History was made when South Africa appointed a foreign coach to take charge of Banyana Banyana. This was communicated by the South African Football Association (SAFA) in Johannesburg on Thursday.
The Netherlands-born coach, Vera Pauw, will be tasked with building a formidable team ahead of the 2015 FIFA Women’s World Cup in Canada.
She takes over from Joseph Mkhonza who has been appointed as national selector for all the women’s teams.
“We want to take the team to the next level,” SAFA technical director Fran Hilton-Smith said.
“We wanted to bring in someone with international experience at the highest level who can help take the team one step further and qualify for the World Cup.”
Pauw has worked as the technical director of the Russian Football Union and was the country’s interim coach in 2011.
She was Netherlands technical director and the women’s national team coach from 2004-2010, leading the country to the bronze medal in the European Championships in Finland in 2009.
“Vera comes with vast experience and will assist in elevating our local female coaches.
“She will also conduct workshops with our female coaches who have recently completed their CAF B licence.
“Former Banyana captain Simphiwe Dludlu completed her UEFA B licence in Holland and she’s one of the women who will be earmarked to go further in the coaching structures.”
Pauw arrives in South Africa on Monday and will immediately get to work preparing the team for its World Cup qualifying campaign.
In order to qualify for the World Cup, Banyana would have to finish in the top three at the CAF African Women Championships (AWC) scheduled for October in Namibia.
However, Banyana still needs to qualify for the AWC by winning its home and away ties against Comoros Islands.
“We have a camp on the 19th March where 40 national team candidates will arrive, including the previous Banyana team.
“Vera will have to whittle them down to prepare for a friendly against Nambia, who are the hosts of the AWC and to prepare for our qualifiers against Comoros in May.”
Hilton-Smith said they faced a busy year ahead as they looked to be worthy contenders on the international platform.
“We are going flat out this year, and one of our biggest problems is that we have to catch up on game time so we have to play a lot of friendlies.
“That’s a problem for many women’s national teams in Africa, they don’t play enough and when you go to big tournaments you get hammered because you’re not playing.
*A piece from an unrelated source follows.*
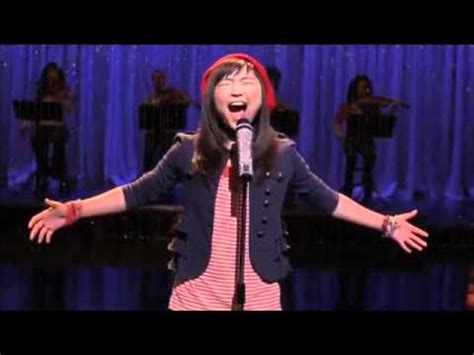 Céline dion — all by myself. CHARICE - ALL BY MYSELF on GLEE - YouTube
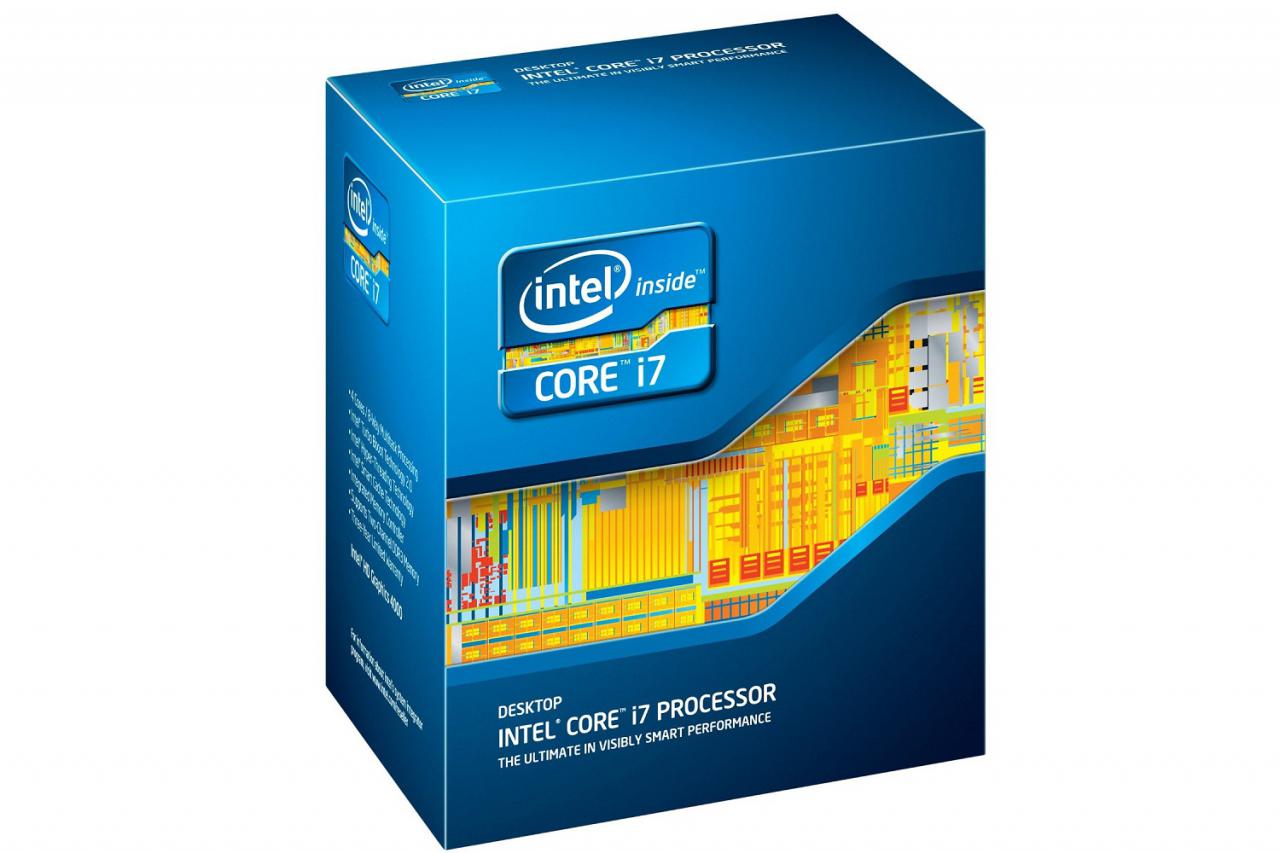 Ivy Bridge i7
“The vision shared by all is that the team must be in action and so we have a number of friendlies in the pipeline and have earmarked top teams to play against.”
Despite the new technical changes, Hilton-Smith insisted Banyana would keep its flair on the field of play.
“Banyana’s style won’t change.
“It’s their style that has got them to where they are.
“They qualified for the Olympics and the African women championships 2012, where they made it through to the final, and there is no possibility of changing their style.
“All we want to do is work on their tactical acumen and their physical ability.”